Gürkan BİÇEN
Stephen M. Walt – John Mearsheimer, İstanbul: Zodyak Kitap, 2014, 128
s.
Tercüme: Elif Ocak
Siyonist İsrail rejiminin Orta
Doğu’daki pozisyonu ve bu rejimin bütün uluslararası hukuk kurallarını ihlal etmedeki
“ayrıcalıklı” tabiatı onlarca yıldır tartışılmıştır. Yakın çevresindeki asgari
200 milyonluk Müslüman Arap nüfusa rağmen Siyonist rejimin kendini kayıt altına
alacak hiçbir uluslararası karara itibar etmemesi ve hatta bu yönde karar
alınmasını dahi engelleyebilmesi uluslararası siyaset alanında kalem oynatan
akademisyenleri iki ana gruba ayırmıştır. Bunların ilki Siyonist İsrail
rejiminin vekil sıfatıyla hareket etmesi sebebiyle korunduğunu düşünürken,
ikinci grup Siyonist rejimi güçlü kılan şeyin bulunduğu bölgedeki imkân ve
kaynaklarından ziyade dışarıda, hassaten Amerika Birleşik Devletleri’nde onun
lehine lobi faaliyeti yürüten unsurlar olduğunu söylemektedir.

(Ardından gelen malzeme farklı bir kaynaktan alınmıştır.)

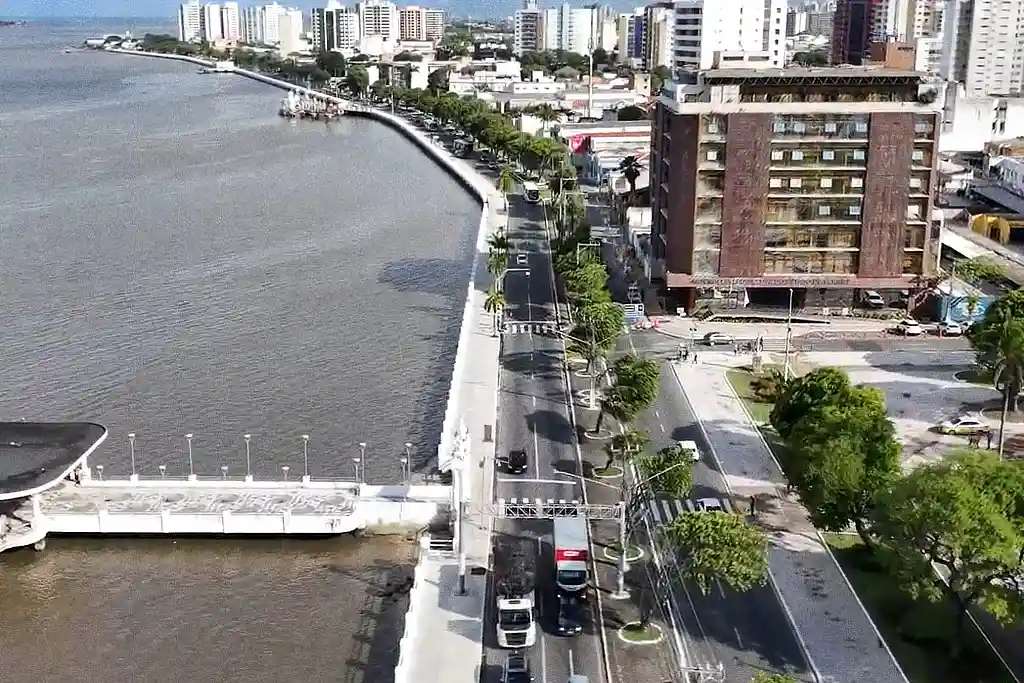 Avenida Ivo do Prado, em Aracaju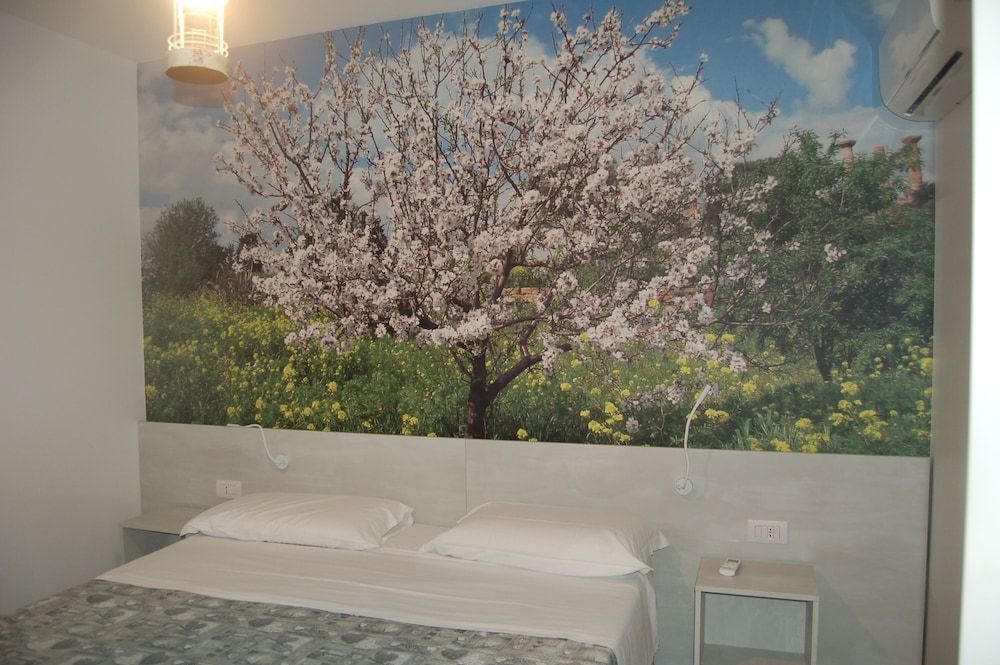 Le 2 Gravine Basic Room, 1 Bedroom, Private Bathroom, Courtyard View 5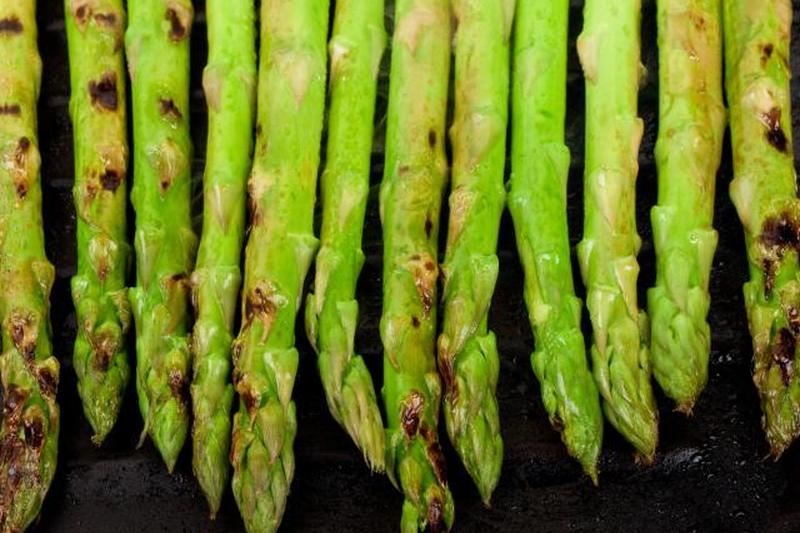 приготовление спаржи на сковороде для гриля
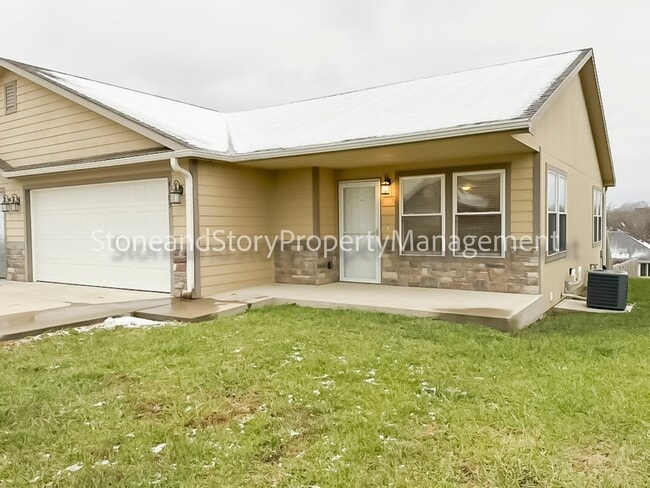 Building Photo - 3 Bedroom 2.5 bath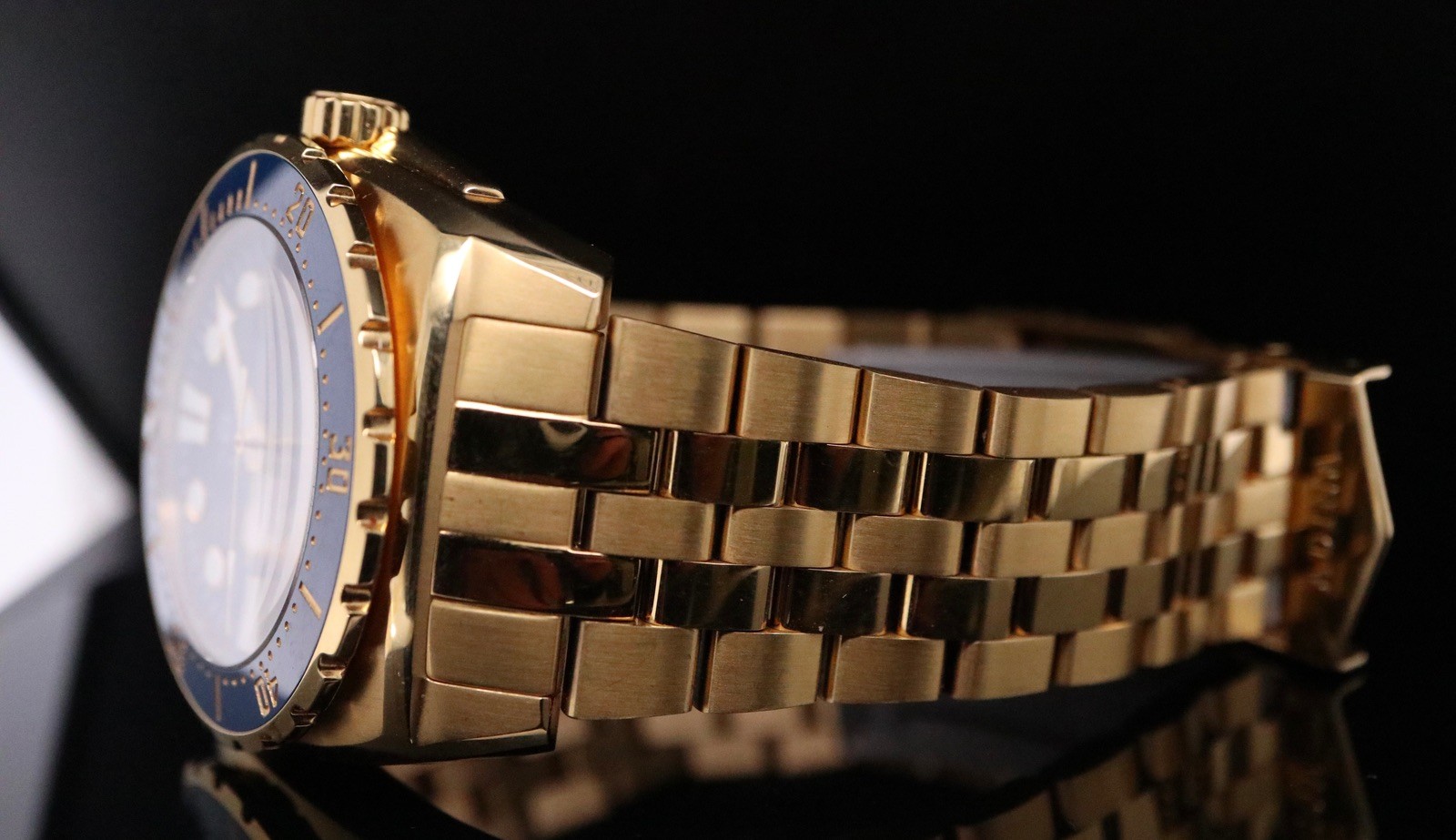 Authentic Adina Amphibian Automatic Gold Plated 42mm Wristwatch CT114 G6XB Boxed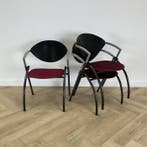 Vepa Alpine vergaderstoel / stapelstoel, rood - antraciet, Huis en Inrichting, Stoelen, Gebruikt, Zwart, Hout, Eén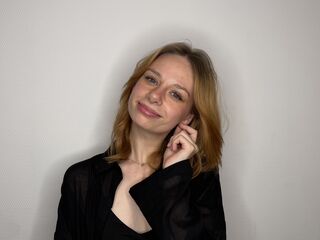 streaming live webcam LouiseSchmidt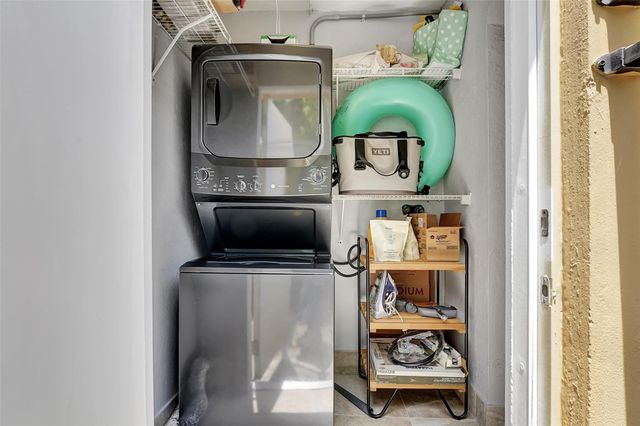 744 NE 14th Ave 4, Fort Lauderdale, FL 33304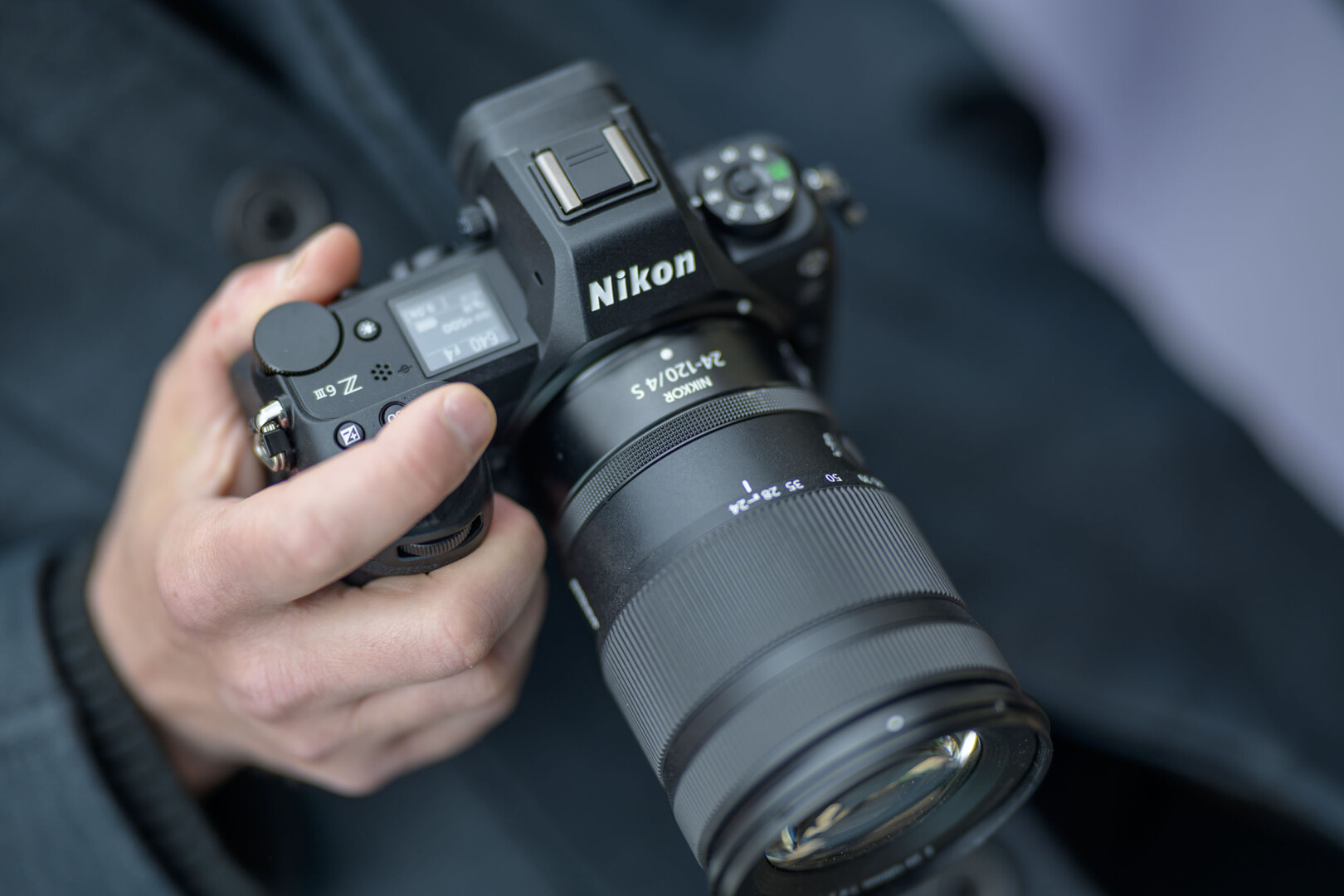 Nikon Z6III speeder opp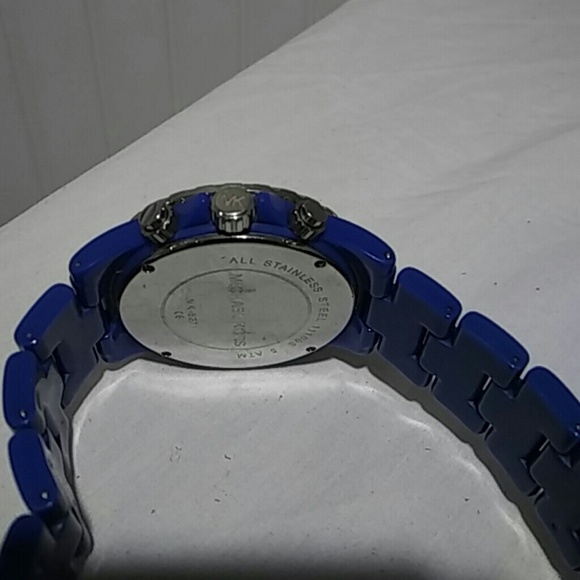 COPY - Michael. Kors. Exclusive color - Picture 4 of 6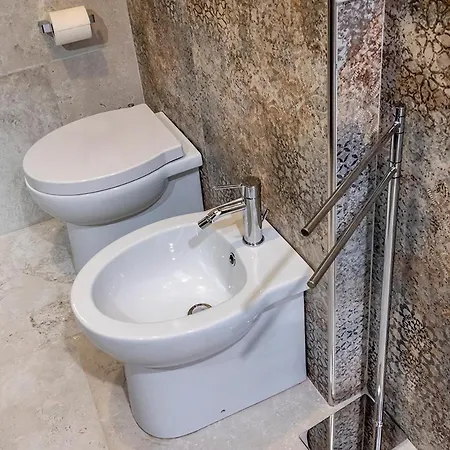 S308 - Sirolo, Delizioso Trilocale Con Piscina Numana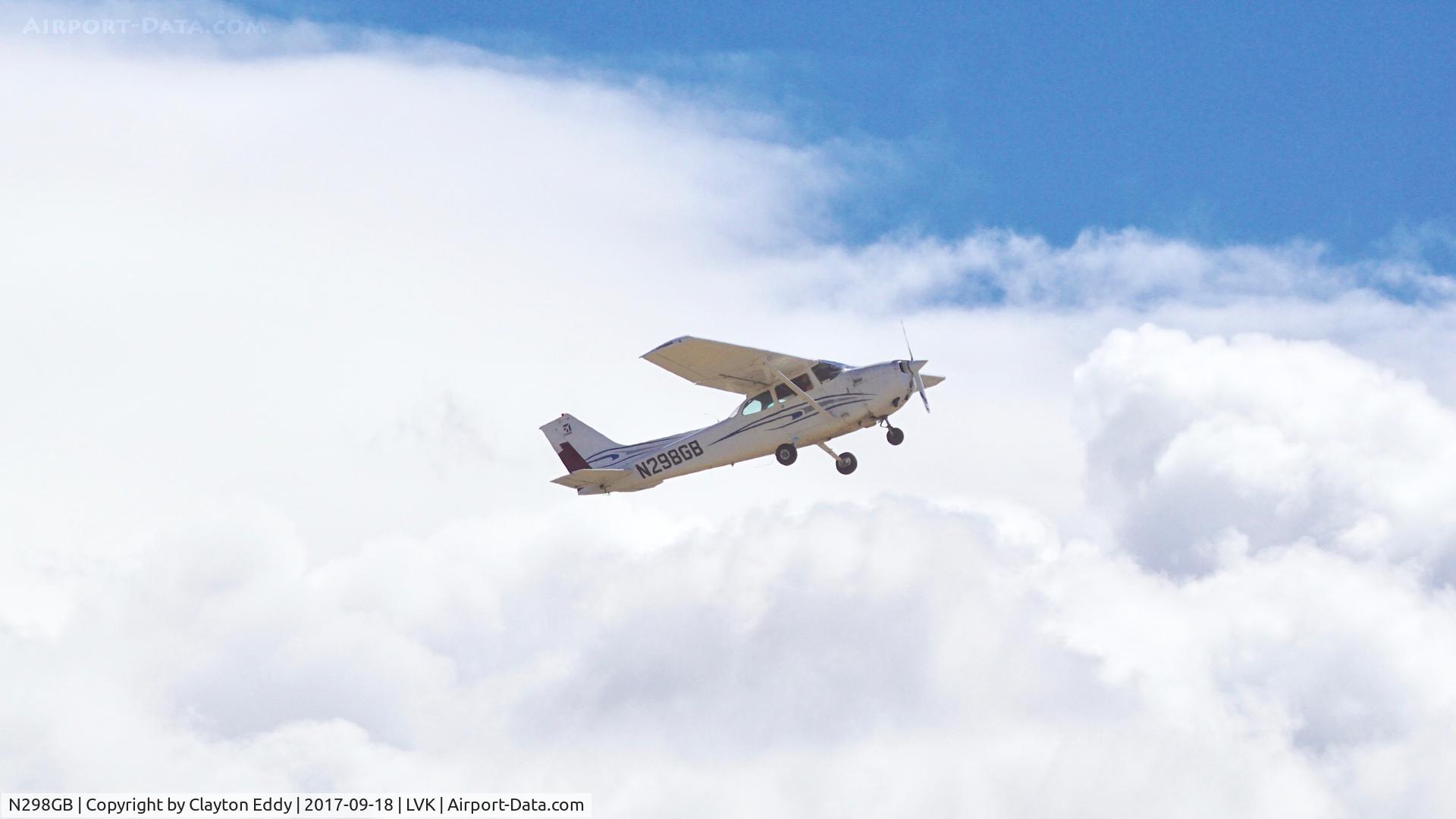 N298GB, 1977 Cessna 172N C/N 17268841, Livermore Airport California 2017.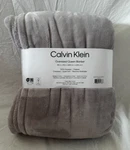 Calvin Klein Oversized Solid Lavender Ultra Soft Plush Full / Queen Blanket Nip. Fixed Price $84.15.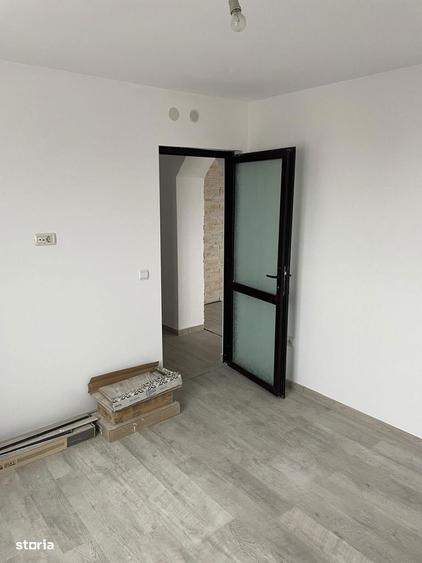 De vanzare apatament 2 camere, zona V-uri - 7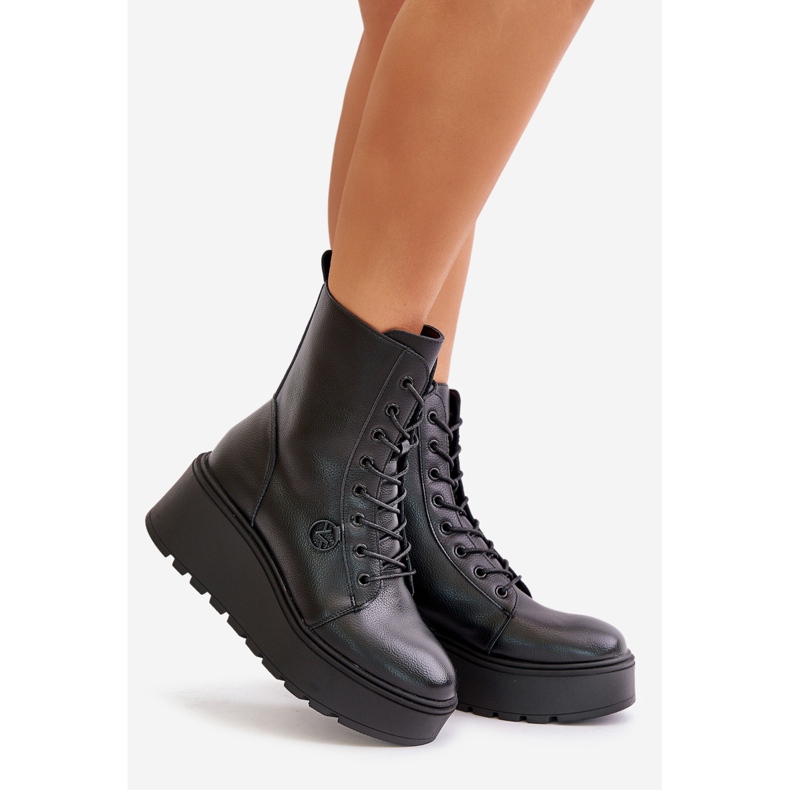 Bottes de travail isolées en cuir sur plateforme et cale Vinceza 58338 Noir 1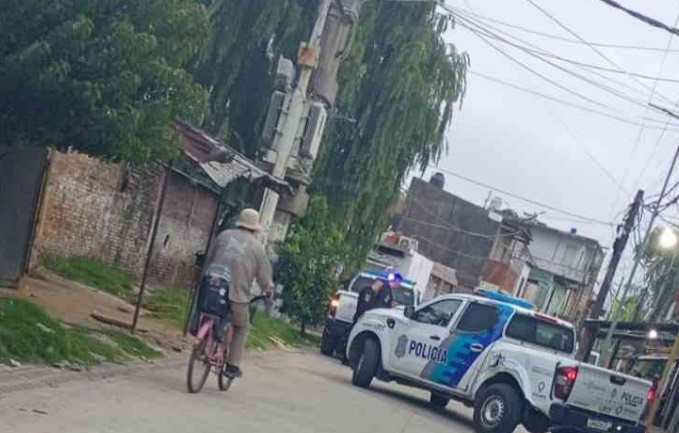 Prefecto que trabajaba con una app de viajes abatió a un delincuente en un intento de robo en Bernal Oeste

Chicago Üniversitesi’nden siyaset
bilimci Prof. John Mearsheimer ile Harvard Üniversitesi’nden Prof. Stephen M.
Walt Siyonist rejimin Amerika’daki güçlü lobicilik faaliyetleri sebebiyle
uluslararası kuralları hiçe sayabildiklerini düşünenler arasında yer alıyorlar.
Bu iki akademisyenin birlikte hazırladıkları “The Israel Lobby and U.S. Foreign
Policy” isimli kitap Elif Ocak
tarafından tercüme edilmiş ve Sakarya Üniversitesi iktisadi ve İdari Bilimler
Fakültesi Uluslararası İlişkiler Bölümü’nden Prof. Dr. Emin Gürses’in önsözü
ile Türk okuyucusuna sunulmuştur. Gürses, önsözde, kitabın Zbigniew Brezezinski
tarafından övgüyle anıldığını zikrettikten sonra, müelliflerin de İsrail
lobisinin baskısına maruz kaldıklarını, hatta Prof. Walt’ın bir süreliğine
üniversitedeki derslerine ara verdiğini ve zorunlu izne ayrıldığını dile
getirir.
Kitap iki ana bölüm ve sonuçtan
oluşmaktadır. Birinci bölümde yazarlar Amerikan dış politikasında İsrail’in
ayrıcalıklı konumunu izaha çalışan açıklamalara yer vermiş ve bunların
geçersizliğini ispata yönelmişken, ikinci bölümde Amerika’daki İsrail lobisinin
yapısını, faaliyetlerini ve etki düzeyini incelemişlerdir.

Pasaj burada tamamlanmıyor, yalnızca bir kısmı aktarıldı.